The limitations of this study include those that are inherent to any cadaver study, the small sample of specimens, and the fact that only the overlengthened state was examined. Also, radiographs were made in a controlled manner to limit variability, which may be difficult in a busy clinical setting. In this study, radiographs were obtained at 45° of elbow flexion because flexion contractures are clinically common after radial head arthroplasty and 45° of flexion should be attainable by most patients. Similarly, the forearm was imaged in neutral rotation as some degree of supination and pronation loss typically occurs clinically. For the described technique to work, the contralateral elbow must be normal, without osseous deformity or arthritis, to function as a surrogate. In addition, the technique led to overestimations of radial head size at higher degrees of overlengthening. The technique was effective for correctly predicting the size of the implants when there was 2, 4, or 6 mm of overlengthening. With 8 mm of overlengthening, however, the ulnohumeral joint started to subluxate and translate, which resulted in overestimation of implant size by a mean of 0.97 mm. This overestimation, however, has little clinical relevance as the technique still appropriately identified the radial head as being overlengthened. Finally, this method is effective in identifying overlengthening on radiographs, but we cannot comment on the magnitude of overlengthening that is clinically relevant or make recommendations about the indications for revision surgery.
The primary goal of this study was to identify a method for diagnosing and estimating the magnitude of radial head implant overlengthening postoperatively, as previous methods were found to be ineffective.

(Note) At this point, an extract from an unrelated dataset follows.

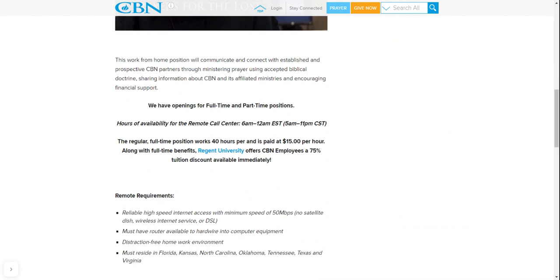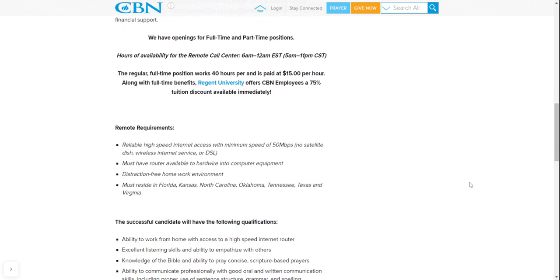Now along with full-time benefits, Region University offers CBN employees a 75% tuition discount available immediately. So if you're trying to go back to school for whatever reason and you get hired with CBN, you get 75% off for tuition. So that means you're only paying 25%. You can't beat that with a stick. Who does that? That's really awesome.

The decision to revise a radial head implant, however, should not be based on the radiographic diagnosis of overlengthening; it must be based on clinical findings such as pain and stiffness. The described measurement technique, based on radiographs of the contralateral, normal elbow, was found to be accurate in predicting radial head implant length. Although this method was effective for diagnosing implant overlengthening in the postoperative situation, the focus should remain on preventing this problem by inserting an implant of correct length at the time of the primary surgery. Surgeons responsible for the treatment of patients with elbow fractures should be familiar with the described intraoperative criteria12-14 that assist with determination of the correct radial head implant length.